While there are obvious benefits to building a new billion-dollar stadium rather than investing in the Superdome, it can also cause a number of problems that can not be fixed. Much of the discussion about replacing the Superdome has centered on building a brand new venue along the river in the Warehouse/Southern Garden District near the Ernest N. Morial Convention Center. While the view of the river from the stadium would be lovely, relocating there would do away with one of the biggest draws the city currently has going for it in competing for Super Bowl hosting rights.
When both fans and the media alike are asked why they enjoy attending the Super Bowl in the Crescent City, one of the answers that always come up is how close and convenient everything is. With a high concentration of quality, high-occupancy lodging in the CBD north of Poydras Street up into and throughout the French Quarter, a large percentage of visiting fans are able to find accommodations surrounded by the amazing food and entertainment the city has to offer while being only a short walk, bus ride or street car ride away from the game.
Putting a new stadium on the open land south of the convention center would do away with nearly every convenience visitors have previously enjoyed during their visits for the big game. Unlike the Superdome, the potential riverfront site is more than a mile from most of the lodging, dining and entertainment options that could handle a Super Bowl sized crowd. Currently there is only one bus route running in the area and the nearest streetcar stop is a 1/3 mile walk through the Port of New Orleans. As a result, visiting fans would either have to pay a great deal of bus fare, cab fare or rental car fees rather than being able to walk in the past. In the end, the convenience factor that has made New Orleans so popular in the past would be gone, potentially costing the city future bids.
The only way to have a new stadium and truly keep the convenience for fans would be to demolish the Superdome and rebuild on the same site.
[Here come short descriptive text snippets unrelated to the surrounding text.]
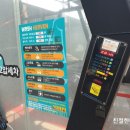 워시헤븐주유소 이미지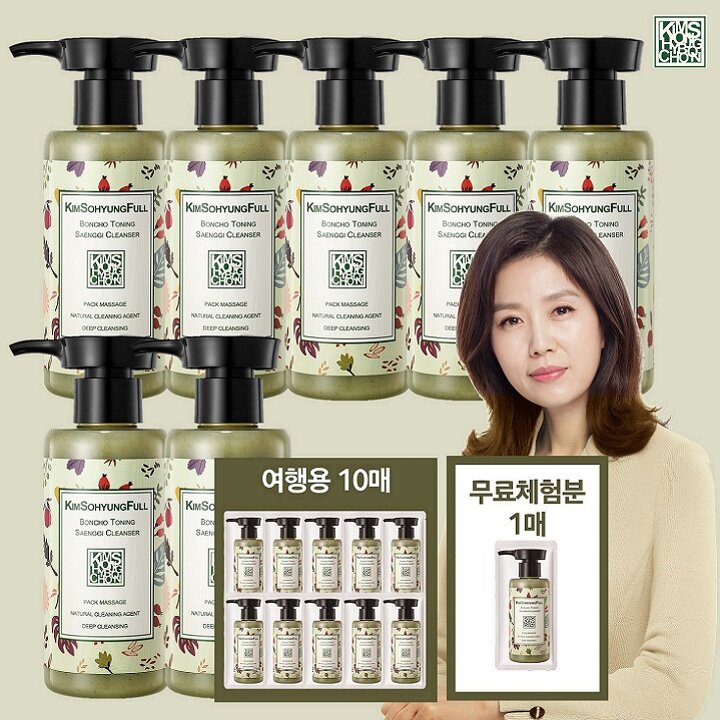 [방송에서만 무료체험] 김소형 본초 곡물팩 클렌저 (160g*7병+4g*10매+무료체험1매)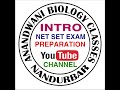 INTRO OF OUR NET SET EXAM PREPARATION YOUTUBE CHANNEL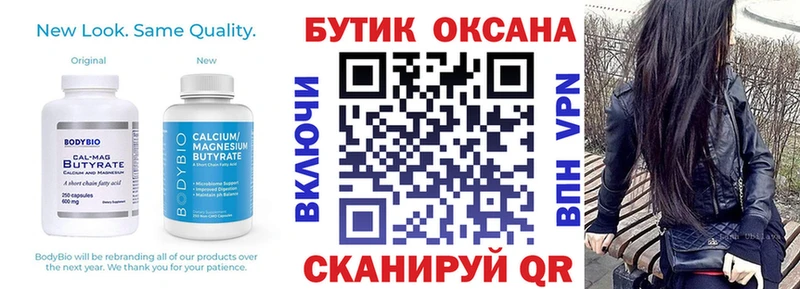 Бутират 99% Михайловск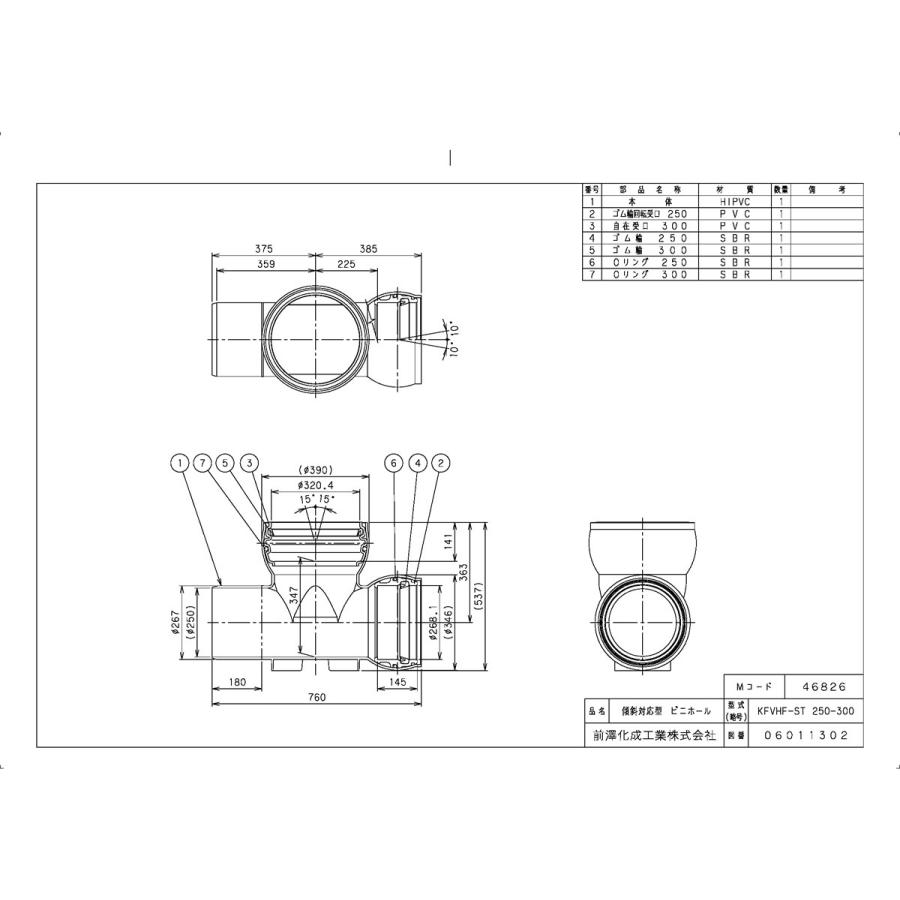 下水道関連製品＞ビニホール＞傾斜対応型ビニホール 300 KFVHF250-300シリーズ KFVHF-ST250-300 Mコード：46826 前澤化成工業_1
While such a move would allow the city to keep all of the convenience fans and the league love so much about hosting Super Bowls in the Big Easy, the Saints would have to find a venue to play at for two or three seasons. With Tiger Stadium in Baton Rouge being the nearest suitable venue, it would mean the Saints would not have a single game in their home town for two to three years. For a team built to win now with a quarterback in his late 30s, that much time trying to operate under such circumstances could be a sizable stumbling block to all of their recent success as well as continuing to develop toward the future.
While the temptation of a new stadium is certainly understandable, it may not be the best way to go about bringing the Super Bowl back to town. With a few noticeable investments in the Superdome, the city should be able to catch the attention of the league without sacrificing the convenience that is so popular with visiting fans. By simply following the successful example of Houston and Glendale, New Orleans should be playing host to the Super Bowl again sooner rather than later and for far less than a billion dollars.